[Opening Input data section]

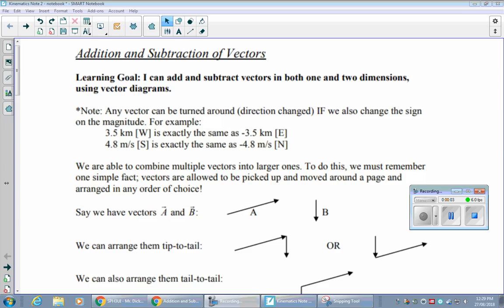Now that you have a basic understanding of what a vector is and how it's different from a scalar, the next step is how we actually combine vectors together in a mathematical way. The main two ways we do that are through addition and subtraction, and addition is going to be an incredibly important concept.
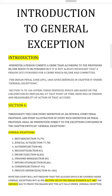The Indian Penal Code (IPC) 1860 gives defenses in Chapter 4 under general exceptions. Sections 76 to 106 cover these defenses, which are based on the circumstances prevailing at that point of time, the mens rea of the person, and the responsibility of action of the accused. Whenever a person has committed a crime, the court gives a chance to prove his or her innocence, and Chapter 4 mentions such defenses.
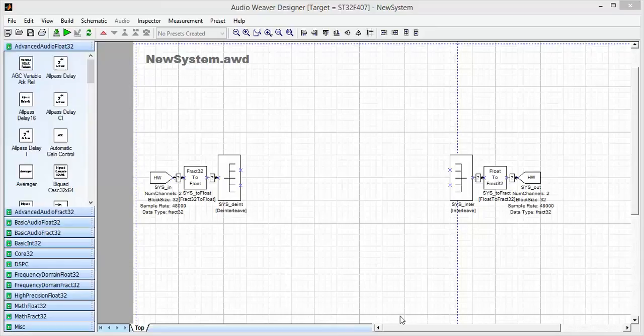Hi, this is Paul Beckman from DSP Concepts showing you a new feature within AudioWeaver. It's the long FIR filter module that's based on FilterBank technology.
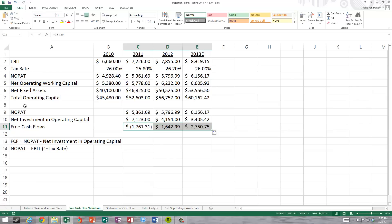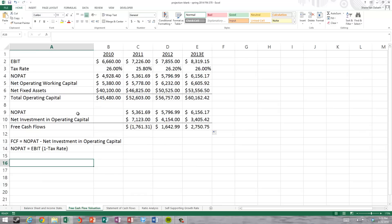We wouldn't want to see negative free cash flows in the long run. For 2011 free cash flows were negative $1,761.31; for 2012, $1,642.99; and for 2013, the forecasted year, $2,750.75. The next step is projecting free cash flows into the future. In some cases you'd calculate free cash flows for several years and then choose a long-term growth rate. Here, we'll calculate based on the 2013 free cash flows, assign a growth rate, and discount back to today.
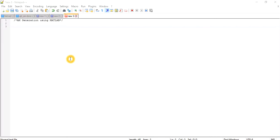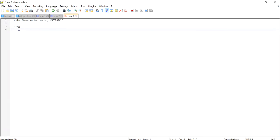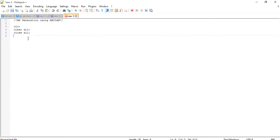My name is Ajit Kumar and today I am going to show you AM generation using MATLAB. This is my first part of the video. Let's start. I am typing in Notepad++, you can also use Notepad. Let's start with 'clc' which is for clear command window, 'clear all' which is for clearing the command window as well as workspace, and 'close all' which is for closing all windows after running the program.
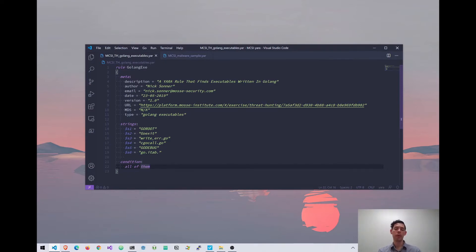The strings section is going to make up the bulk of your rule — this is where you specify all the parameters that you want your rule to find. In this case we've got strings that I think are unique to Go binaries, and I'll show you how we find those in a bit. The condition section is where you add your logic to your rule. Anyone familiar with basic programming languages will find the syntax very similar to Python, and you can use all the same kind of code logic you'd expect from any programming language.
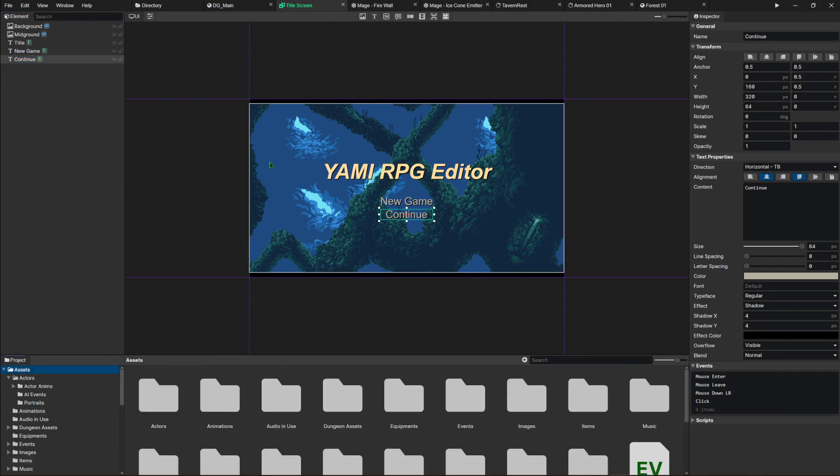But that's basically it. That's my rundown on Yami. I do like this engine. I think it has its strengths. It has its weaknesses. What do you think? Do you guys like this sort of engine? Let me know in the comments below.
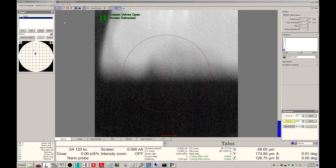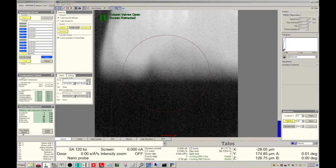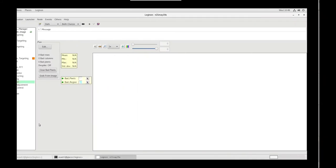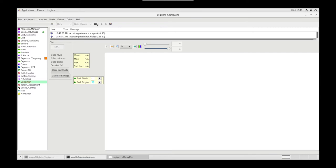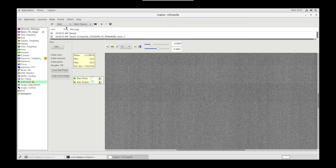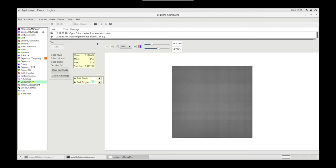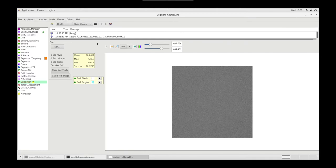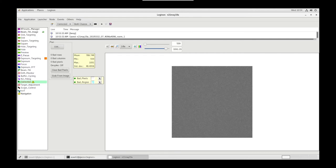Back on the Microscope PC, we'll go to Auto Loader tab and close Column Valves. On Legenon, back in Corrections, we'll go to Dark, Both Channels, and Acquire. Once complete, we'll set it to Bright and Acquire. Column Valves will automatically open. Now let's do Corrected, Both Channels, Acquire. And this is our corrected image.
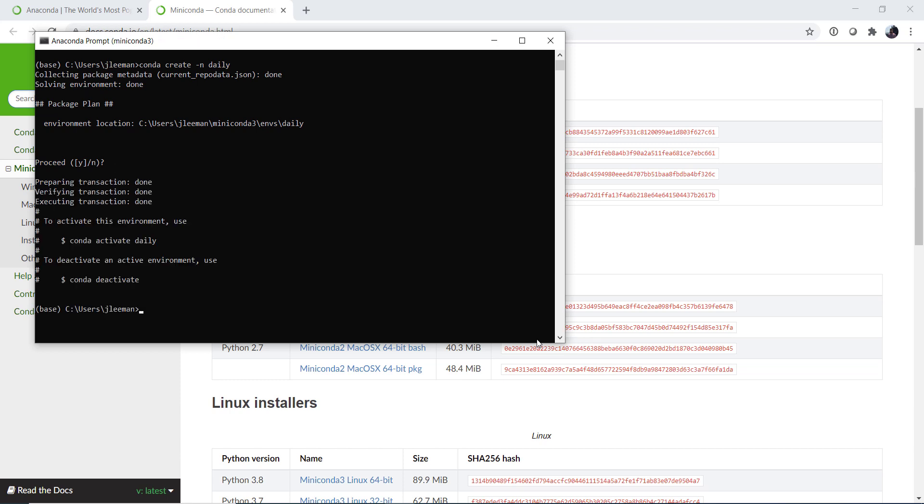Now we could specify a big list of things to install there. What I like to do though is create the environment so that location is established on disk. I can activate it and then I can go ahead and install things. That way if there's any kind of problem, permissions or whatever on my disk, I know about it before I've downloaded and cached a bunch of packages. So conda activate daily.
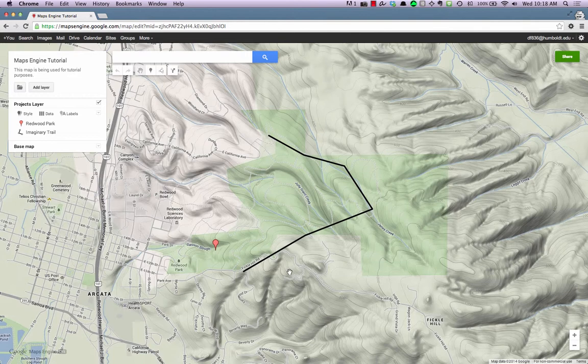This video covered opening maps in Google Maps Engine. To find out more, you can visit the Help Center and forums for Maps Engine. Links to those resources can be found in the description below this video.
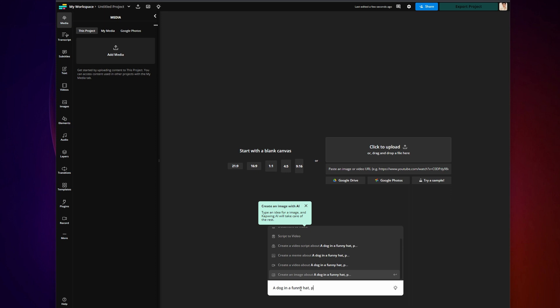This can include subjects, style of image, whether you want a photograph or a drawing, background, etc. Once your prompt looks good, click 'Create an image about.'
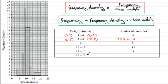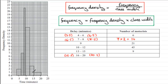For the bar from 16 to 21, the lower bound is 15.5 and the upper bound is 20.5, so instead of a width of 4 units, we have a width of 5 units. The frequency density goes up to just 1, so we get 1 times the class width of 5, which gives a frequency of 5.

[Closing Input data section]

Exercise: Output, exactly and without pictures, the span of lines that starts at the line containing "This video covered" and ends at the last line above.

Output of the task:
This video covered opening maps in Google Maps Engine. To find out more, you can visit the Help Center and forums for Maps Engine. Links to those resources can be found in the description below this video.
This can include subjects, style of image, whether you want a photograph or a drawing, background, etc. Once your prompt looks good, click 'Create an image about.'
For the bar from 16 to 21, the lower bound is 15.5 and the upper bound is 20.5, so instead of a width of 4 units, we have a width of 5 units. The frequency density goes up to just 1, so we get 1 times the class width of 5, which gives a frequency of 5.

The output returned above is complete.